TASK INSTRUCTIONS: Could the lines from the line bearing "Hello everyone. I'm" to the end of the records below be copied exactly, with the pictures left out and no other lines added?

[[ DATA open ]]

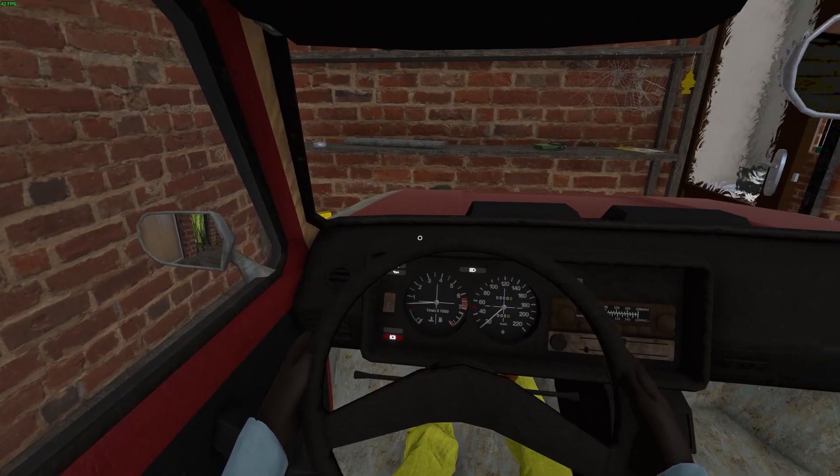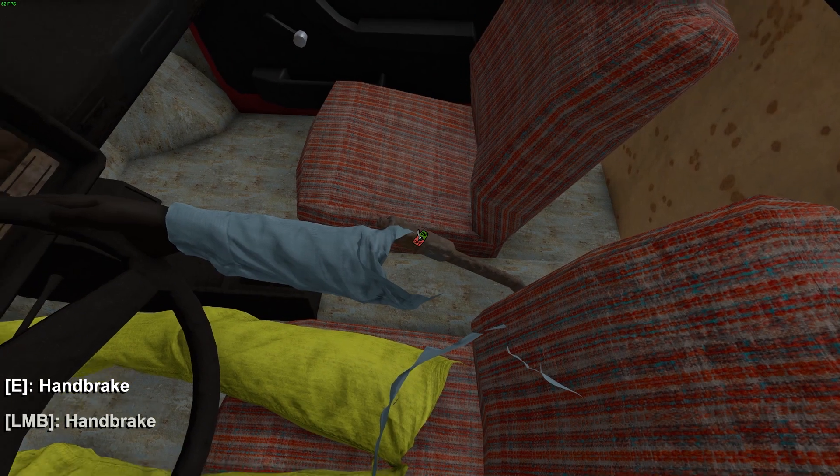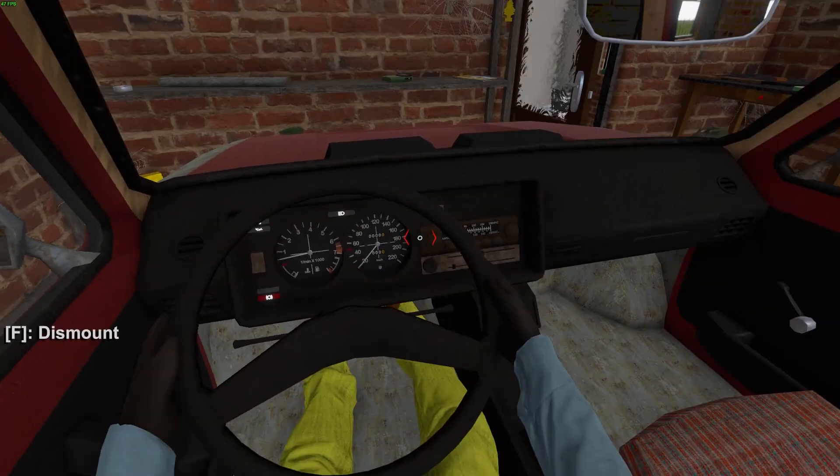To do this, first you will need to get in the car, and then you can either do it manually right here using your mouse, or you can press Space to instantly do it.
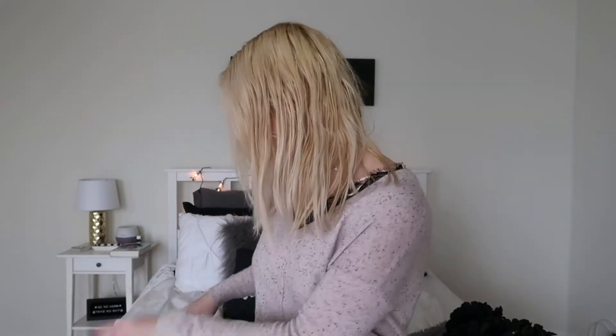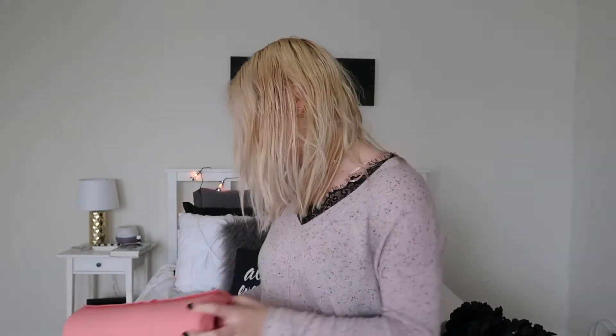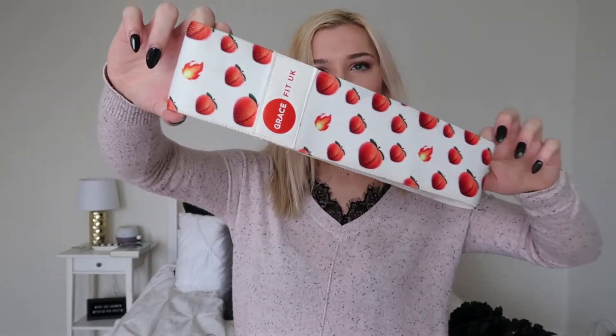So I finally bit the bullet — I've been thinking about getting the GraceFit UK resistance bands and all that stuff for a while now, and I just went for it. I got the little combo pack that comes with a barbell pad, ankle straps, and resistance bands.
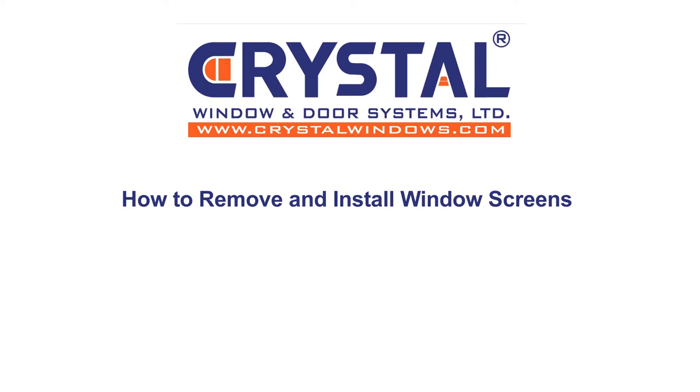Welcome to the Crystal Windows Indoor Systems video series. In this video, we'll be teaching you how to remove and install window screens.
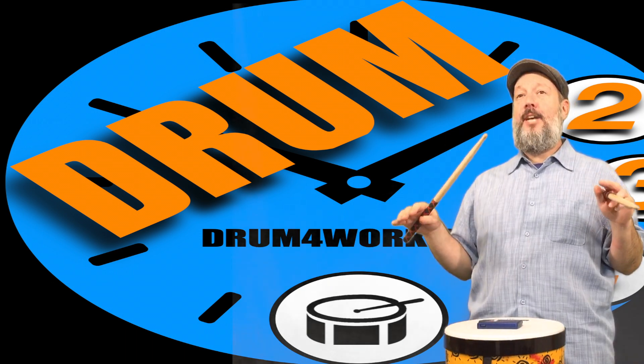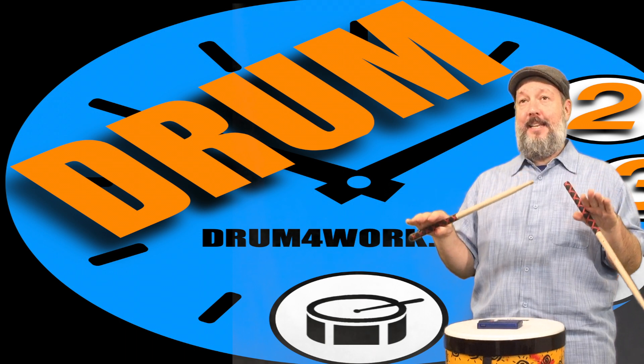Make sure that you check out our Drum 2-3-4 playlist. Like and subscribe, and we'll help you keep the rhythms going.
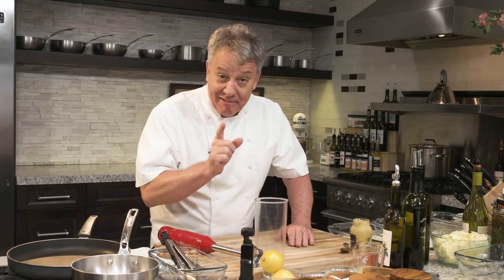We're going to make a vinaigrette today. That means there is vinegar in the vinaigrette — vinaigrette, vinegar. So that's what we're going to do.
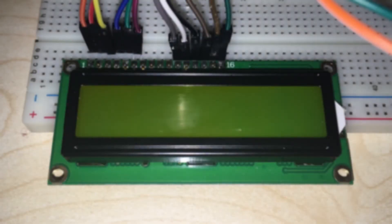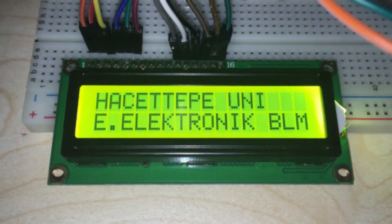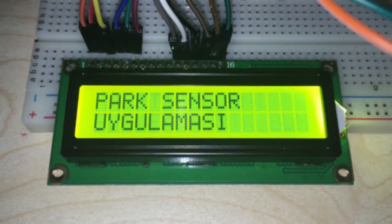Hello everyone. I'm Ilgal Arslan, and my friends are Semih Volga Ülker and Mert Akbiyikoğlu. This is our ELE417 Embedded Systems project. Our project is a Park Sensor.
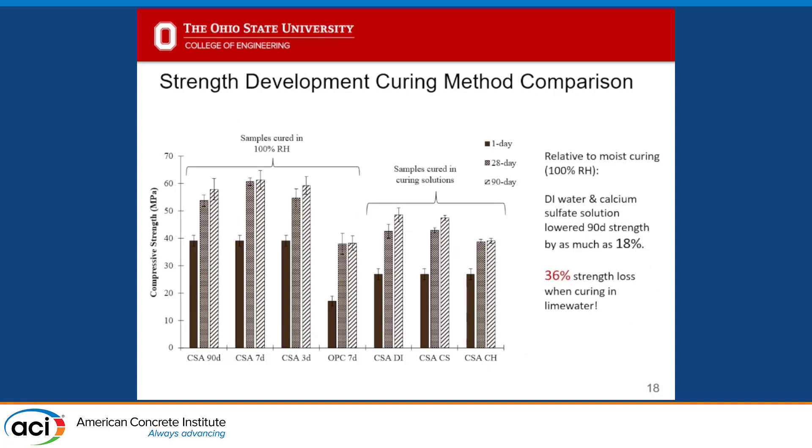The most exciting finding is comparing curing in a fog room versus ponding in solution. We saw a major strength drop whenever we ponded samples in a water bath. Even using the best-performing systems — DI water and calcium sulfate solution — we saw about an 18% reduction in strength at 90 days. When using lime water, we saw a 36% loss of strength. This makes me question whether we should allow water bath curing for CSA samples when testing strengths in the lab, because it's not representative of the strength forming in the field due to dissolution occurring in those systems.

[[ DATA closed ]]

OUTPUT FOR THIS EXERCISE:
Hello everyone. I'm Ilgal Arslan, and my friends are Semih Volga Ülker and Mert Akbiyikoğlu. This is our ELE417 Embedded Systems project. Our project is a Park Sensor.
The most exciting finding is comparing curing in a fog room versus ponding in solution. We saw a major strength drop whenever we ponded samples in a water bath. Even using the best-performing systems — DI water and calcium sulfate solution — we saw about an 18% reduction in strength at 90 days. When using lime water, we saw a 36% loss of strength. This makes me question whether we should allow water bath curing for CSA samples when testing strengths in the lab, because it's not representative of the strength forming in the field due to dissolution occurring in those systems.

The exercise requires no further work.